▶ _RECORD EXTRACTS_:
= Beginning of Section =
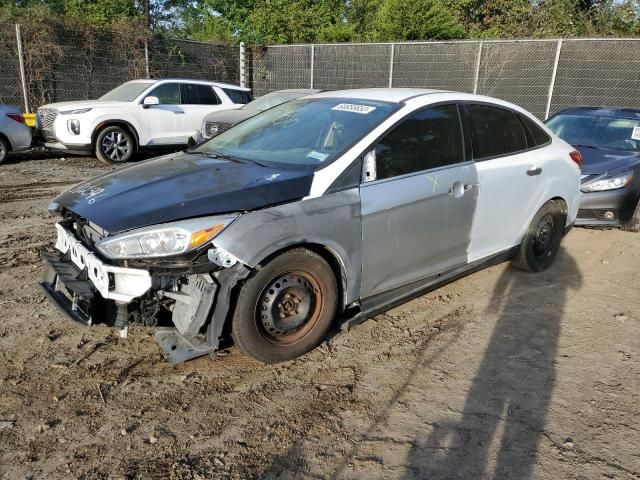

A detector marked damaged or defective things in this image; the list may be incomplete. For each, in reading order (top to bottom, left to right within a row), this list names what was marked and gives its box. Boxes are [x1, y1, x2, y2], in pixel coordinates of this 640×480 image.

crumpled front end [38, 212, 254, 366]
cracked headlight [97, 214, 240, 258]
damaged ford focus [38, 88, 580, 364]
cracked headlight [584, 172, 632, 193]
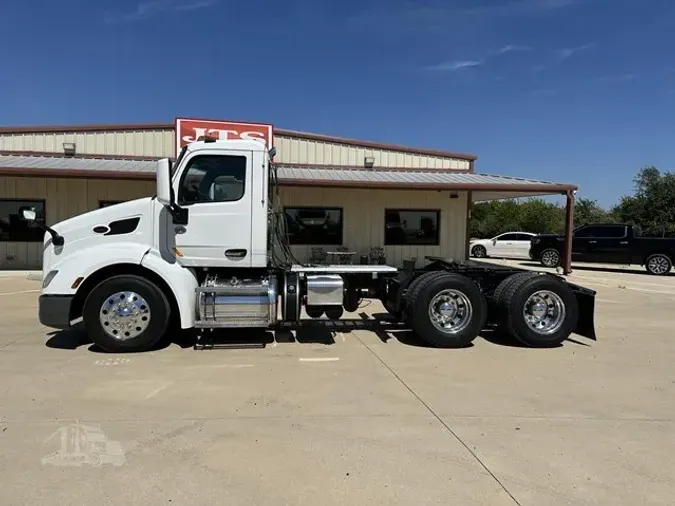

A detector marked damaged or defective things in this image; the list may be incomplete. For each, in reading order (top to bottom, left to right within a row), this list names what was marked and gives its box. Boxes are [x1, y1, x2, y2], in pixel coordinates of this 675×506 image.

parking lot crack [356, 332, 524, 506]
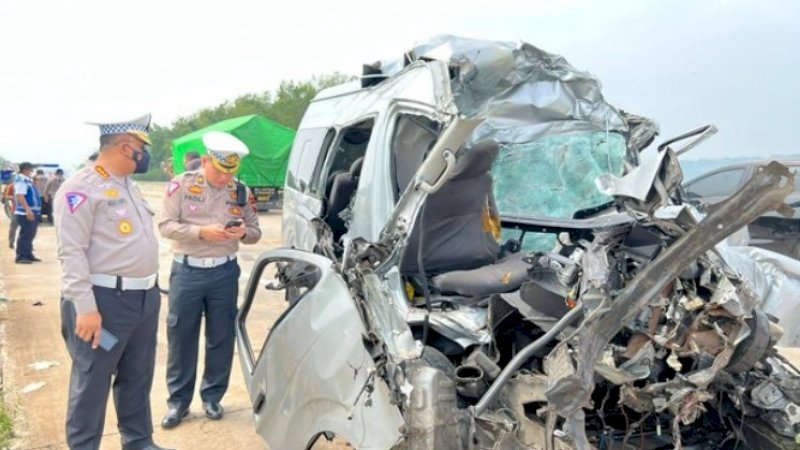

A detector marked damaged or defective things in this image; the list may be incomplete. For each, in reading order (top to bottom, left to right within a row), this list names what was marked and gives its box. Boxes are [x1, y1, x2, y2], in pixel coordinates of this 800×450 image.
= End of Section =
▶ _YOUR GOAL_: Write each line exactly as it appears, from the line that holds "this 675×506 image." through the closing line of the data above, and leave every picture out.

▶ _TASK SOLUTION_:
A detector marked damaged or defective things in this image; the list may be incomplete. For each, in reading order (top to bottom, left to right within a row), this list names what was marked and gives its box. Boxes are [x1, y1, x2, y2], in pixel coordinates of this 675×506 image.

parking lot crack [356, 332, 524, 506]

A detector marked damaged or defective things in this image; the list may be incomplete. For each, in reading order (top to bottom, left to right within a row), this list names what was marked and gives its box. Boxes are [x1, y1, x2, y2], in pixel coordinates of this 800×450 image.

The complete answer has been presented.